— Assignment —
Write the data out again exactly, dropping any images it holds.

— Recorded data —
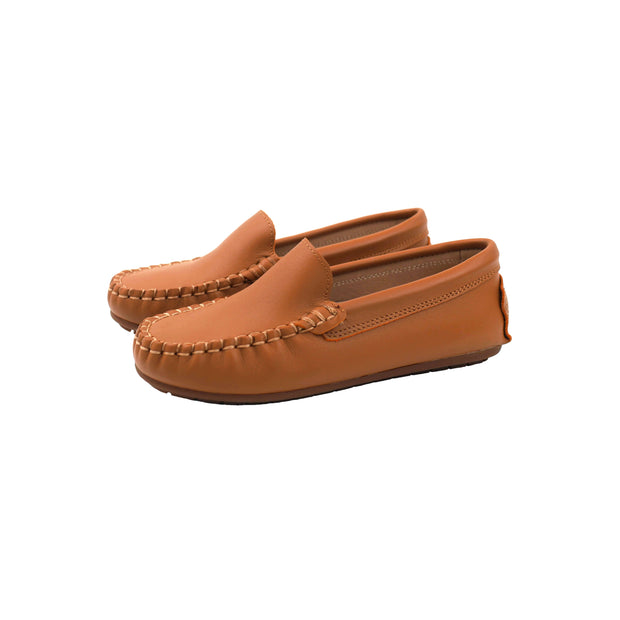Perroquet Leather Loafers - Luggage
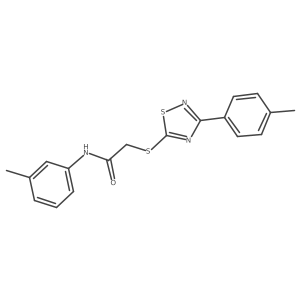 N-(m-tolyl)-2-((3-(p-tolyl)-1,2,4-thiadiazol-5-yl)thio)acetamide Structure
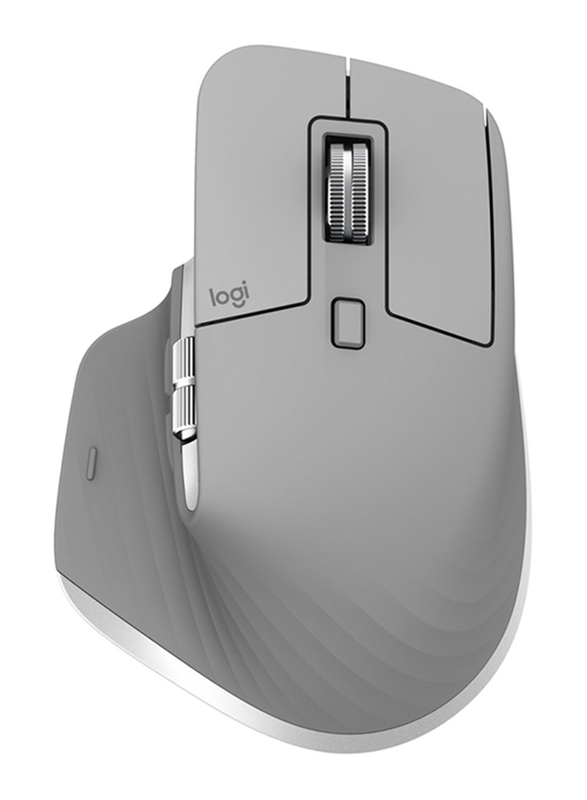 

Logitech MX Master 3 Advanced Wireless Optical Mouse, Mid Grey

— Response to this exercise —
Perroquet Leather Loafers - Luggage
 N-(m-tolyl)-2-((3-(p-tolyl)-1,2,4-thiadiazol-5-yl)thio)acetamide Structure

Logitech MX Master 3 Advanced Wireless Optical Mouse, Mid Grey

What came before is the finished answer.